Surgidos en Estados europeos organizados durante la época de entreguerras, fracasaron por completo en cualquier intento de insurrección revolucionaria o golpes de Estado del tipo de los practicados por los comunistas, con intentos fallidos tras utilizar métodos de este tipo en Alemania en 1923, en Austria en 1934, en Portugal en 1935 y en Rumania en 1941. Los movimientos fascistas pudieron llegar al poder en Europa sólo por medio de métodos políticos insurreccionales no violentos, algo que los comunistas también hicieron suyo en 1935. Después de que los movimientos fascistas alcanzaran dimensiones masivas en Austria, Hungría y Rumania en condiciones de relativa libertad política, la formación de nuevos gobiernos con políticas más autoritarias por parte de sus rivales les negaron entonces el acceso al poder. En España, la única oportunidad significativa para el falangismo llegó después de las elecciones de febrero de 1936, pero el bloqueo de las condiciones democráticas por parte del régimen del Frente Popular echó por tierra esa oportunidad. La paradoja final fue que en España los militares insurgentes y contrarrevolucionarios pasaron a ser la fuerza «revolucionaria» decisiva en una situación única en la que ninguno de los movimientos revolucionarios de izquierdas poseía una estrategia para hacerse directamente con el poder. Esto puso fin al régimen republicano, pero dejó a los falangistas una vez más en una posición de subor­dina­ción.

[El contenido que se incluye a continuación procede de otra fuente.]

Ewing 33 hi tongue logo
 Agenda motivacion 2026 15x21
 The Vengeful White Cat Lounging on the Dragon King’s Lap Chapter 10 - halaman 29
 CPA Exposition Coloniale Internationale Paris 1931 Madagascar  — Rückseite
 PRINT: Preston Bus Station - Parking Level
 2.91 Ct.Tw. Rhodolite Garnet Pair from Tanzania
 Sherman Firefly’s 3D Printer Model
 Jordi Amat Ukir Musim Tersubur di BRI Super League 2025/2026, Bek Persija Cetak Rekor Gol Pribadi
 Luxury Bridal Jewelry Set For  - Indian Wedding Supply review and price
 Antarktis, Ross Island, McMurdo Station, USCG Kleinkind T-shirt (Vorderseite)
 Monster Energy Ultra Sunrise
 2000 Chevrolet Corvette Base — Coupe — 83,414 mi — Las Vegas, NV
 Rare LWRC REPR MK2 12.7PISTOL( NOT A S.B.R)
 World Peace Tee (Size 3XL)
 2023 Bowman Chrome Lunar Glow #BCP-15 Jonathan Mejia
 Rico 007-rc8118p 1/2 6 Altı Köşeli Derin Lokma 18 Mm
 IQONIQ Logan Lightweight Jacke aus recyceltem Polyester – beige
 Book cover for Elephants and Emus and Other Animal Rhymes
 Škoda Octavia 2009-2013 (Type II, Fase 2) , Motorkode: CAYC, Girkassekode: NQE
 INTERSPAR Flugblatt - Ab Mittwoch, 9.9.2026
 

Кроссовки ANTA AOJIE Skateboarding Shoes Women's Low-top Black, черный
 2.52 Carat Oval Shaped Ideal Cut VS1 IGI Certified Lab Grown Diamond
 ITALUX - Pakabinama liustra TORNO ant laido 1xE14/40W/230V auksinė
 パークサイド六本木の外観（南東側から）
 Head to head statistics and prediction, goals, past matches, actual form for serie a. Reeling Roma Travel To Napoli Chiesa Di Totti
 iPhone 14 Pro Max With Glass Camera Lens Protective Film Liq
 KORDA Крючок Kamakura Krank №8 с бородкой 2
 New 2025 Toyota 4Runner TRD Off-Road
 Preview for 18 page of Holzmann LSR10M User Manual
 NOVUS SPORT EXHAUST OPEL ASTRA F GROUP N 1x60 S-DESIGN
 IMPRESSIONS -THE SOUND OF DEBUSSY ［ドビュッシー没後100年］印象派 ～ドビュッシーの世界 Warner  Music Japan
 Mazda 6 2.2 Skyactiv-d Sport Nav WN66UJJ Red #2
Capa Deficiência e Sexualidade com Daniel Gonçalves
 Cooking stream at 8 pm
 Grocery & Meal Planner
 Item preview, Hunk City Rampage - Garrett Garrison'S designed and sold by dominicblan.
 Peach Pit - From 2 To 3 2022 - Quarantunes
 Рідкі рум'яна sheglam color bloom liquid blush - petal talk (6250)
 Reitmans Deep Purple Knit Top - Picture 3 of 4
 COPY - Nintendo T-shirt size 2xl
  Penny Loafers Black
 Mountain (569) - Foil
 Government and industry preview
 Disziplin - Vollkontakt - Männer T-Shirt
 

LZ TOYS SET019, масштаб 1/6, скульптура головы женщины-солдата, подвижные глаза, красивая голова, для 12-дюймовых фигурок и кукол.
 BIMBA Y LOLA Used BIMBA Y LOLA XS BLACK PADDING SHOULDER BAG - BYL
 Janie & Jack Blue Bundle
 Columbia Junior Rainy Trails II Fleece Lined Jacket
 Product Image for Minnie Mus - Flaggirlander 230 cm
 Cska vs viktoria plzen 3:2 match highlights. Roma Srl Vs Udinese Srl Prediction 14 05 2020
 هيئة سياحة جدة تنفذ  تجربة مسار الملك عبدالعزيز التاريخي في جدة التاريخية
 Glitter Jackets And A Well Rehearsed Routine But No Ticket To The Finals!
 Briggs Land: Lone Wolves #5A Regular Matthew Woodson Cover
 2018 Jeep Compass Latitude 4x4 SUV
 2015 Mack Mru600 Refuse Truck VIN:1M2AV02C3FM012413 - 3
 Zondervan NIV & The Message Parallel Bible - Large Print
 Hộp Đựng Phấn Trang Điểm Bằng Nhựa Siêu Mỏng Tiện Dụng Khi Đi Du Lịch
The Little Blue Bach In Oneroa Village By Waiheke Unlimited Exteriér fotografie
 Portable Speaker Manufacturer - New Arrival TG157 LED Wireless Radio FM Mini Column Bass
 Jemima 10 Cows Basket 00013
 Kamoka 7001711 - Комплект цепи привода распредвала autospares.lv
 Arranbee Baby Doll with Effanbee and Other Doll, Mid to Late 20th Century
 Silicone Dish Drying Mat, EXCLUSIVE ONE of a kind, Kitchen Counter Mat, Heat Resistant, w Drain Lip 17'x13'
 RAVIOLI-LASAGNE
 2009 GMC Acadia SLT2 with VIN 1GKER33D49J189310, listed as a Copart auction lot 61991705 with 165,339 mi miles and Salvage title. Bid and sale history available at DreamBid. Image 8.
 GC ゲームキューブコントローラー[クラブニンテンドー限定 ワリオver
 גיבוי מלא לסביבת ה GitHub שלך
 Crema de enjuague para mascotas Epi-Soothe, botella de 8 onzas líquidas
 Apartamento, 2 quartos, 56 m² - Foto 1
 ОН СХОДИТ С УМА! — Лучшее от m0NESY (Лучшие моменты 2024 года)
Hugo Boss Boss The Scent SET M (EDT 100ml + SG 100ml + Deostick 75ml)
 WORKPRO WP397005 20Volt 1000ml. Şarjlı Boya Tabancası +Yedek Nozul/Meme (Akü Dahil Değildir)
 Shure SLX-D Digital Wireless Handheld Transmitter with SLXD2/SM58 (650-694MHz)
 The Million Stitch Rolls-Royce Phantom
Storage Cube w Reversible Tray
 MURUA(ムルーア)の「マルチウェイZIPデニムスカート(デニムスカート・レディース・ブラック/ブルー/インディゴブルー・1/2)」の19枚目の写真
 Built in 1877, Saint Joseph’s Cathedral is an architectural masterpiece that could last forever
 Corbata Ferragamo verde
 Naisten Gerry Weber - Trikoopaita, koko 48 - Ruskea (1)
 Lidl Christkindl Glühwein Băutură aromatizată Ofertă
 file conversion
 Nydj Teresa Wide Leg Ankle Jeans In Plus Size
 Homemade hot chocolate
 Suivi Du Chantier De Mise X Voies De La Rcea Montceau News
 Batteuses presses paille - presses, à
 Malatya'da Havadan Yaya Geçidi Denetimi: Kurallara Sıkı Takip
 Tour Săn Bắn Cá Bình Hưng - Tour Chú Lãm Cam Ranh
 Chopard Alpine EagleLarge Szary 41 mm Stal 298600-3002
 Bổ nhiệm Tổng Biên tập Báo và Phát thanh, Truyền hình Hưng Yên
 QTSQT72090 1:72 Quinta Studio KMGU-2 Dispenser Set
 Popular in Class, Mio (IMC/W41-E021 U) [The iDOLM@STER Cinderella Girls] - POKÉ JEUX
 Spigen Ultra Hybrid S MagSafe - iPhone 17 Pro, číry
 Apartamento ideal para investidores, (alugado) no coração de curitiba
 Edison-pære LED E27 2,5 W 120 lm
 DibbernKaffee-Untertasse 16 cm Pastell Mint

En septiembre de 1940, el mariscal Antonescu ofreció a la Legión Rumana del Arcángel Miguel una especie de diarquía, una oportunidad que esta última desperdició por radicalismo e incompetencia. Los falangistas eran, en comparación, menos radicales, pero probablemente igual de incompetentes, y Franco no les dio nunca tanto poder como el que disfrutaron brevemente sus homólogos en Rumania. El suyo fue el único partido fascista que alcanzó un poder parcial por medio de la Guerra Civil. Con excepción del interludio del Frente Popular de 1935-1939, las condiciones de guerra o de guerra civil fueron el medio preferido de las tomas de poder comunistas, no fascistas. Los únicos movimientos fascistas en situaciones algo comparables fueron los falangistas y los diversos regímenes títeres o satélites que Hitler situó en el poder en países que había conquistado militarmente, lo que no resulta una comparación muy agradable para los falangistas. Si los regímenes títeres de otros países dependían de Hitler y del curso de la guerra, los falangistas dependían de Franco y del curso de la guerra. Aunque el caso de España difería obviamente en aspectos fundamentales del de los regímenes títeres, los denominadores comunes eran el dominio del poder militar, tanto en el ámbito doméstico como en las relaciones internacionales. Por ello, como captó correctamente Serrano Suñer, la suerte del ­falangismo dependería de la relación de España con la guerra mundial. Una fascistización producida no por medio de procesos políticos españoles normales, sino por la guerra civil, se vería frustrada por los resultados de la guerra europea, y siempre dependería en última instancia de la voluntad de un dictador militar. Franco garantizó a la Falange/Movimiento la vida más dilatada de cualquiera de los movimientos fascistas, pero le negó autonomía y poder. Esto no fue una «traición», como pretendieron a veces los radicales falangistas, porque el fascismo español nunca desarrolló la fuerza independiente para haber podido reivindicar algo más que eso.